** WHAT YOU SHOULD DO **
From the records below, extract only the lines running from the line with "Silver Fork Ветви" to the line with "Hombres | Pantalones", both lines included, reproducing them exactly.

** DATA FOR THIS TASK **
= Beginning of Section =

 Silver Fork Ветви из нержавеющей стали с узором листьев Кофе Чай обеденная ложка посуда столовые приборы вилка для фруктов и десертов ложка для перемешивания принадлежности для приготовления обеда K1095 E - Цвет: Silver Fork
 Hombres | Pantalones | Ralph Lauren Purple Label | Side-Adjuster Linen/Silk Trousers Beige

= End of Section =
= Beginning of Section =

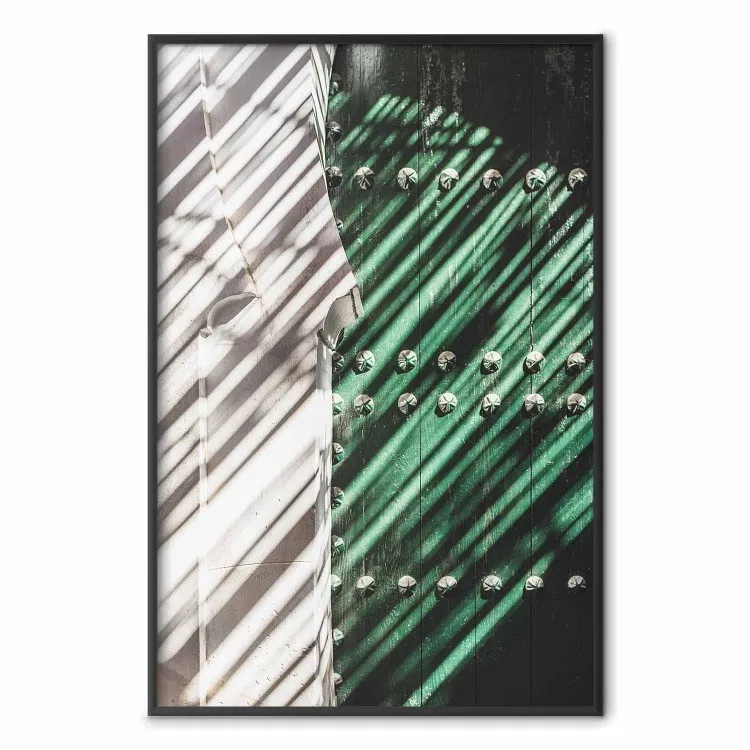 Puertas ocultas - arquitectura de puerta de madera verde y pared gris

= End of Section =
= Beginning of Section =

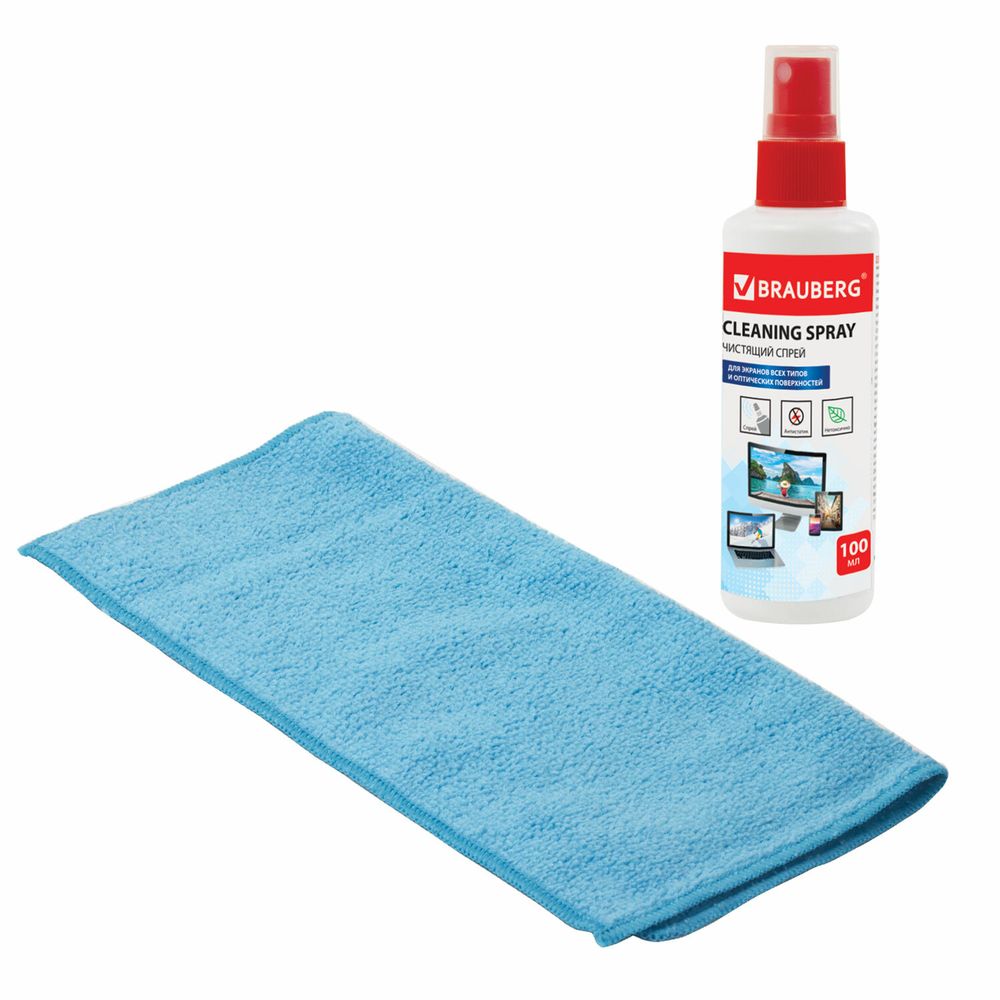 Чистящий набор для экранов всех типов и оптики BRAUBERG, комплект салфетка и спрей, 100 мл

= End of Section =

** OUTPUT **
 Silver Fork Ветви из нержавеющей стали с узором листьев Кофе Чай обеденная ложка посуда столовые приборы вилка для фруктов и десертов ложка для перемешивания принадлежности для приготовления обеда K1095 E - Цвет: Silver Fork
 Hombres | Pantalones | Ralph Lauren Purple Label | Side-Adjuster Linen/Silk Trousers Beige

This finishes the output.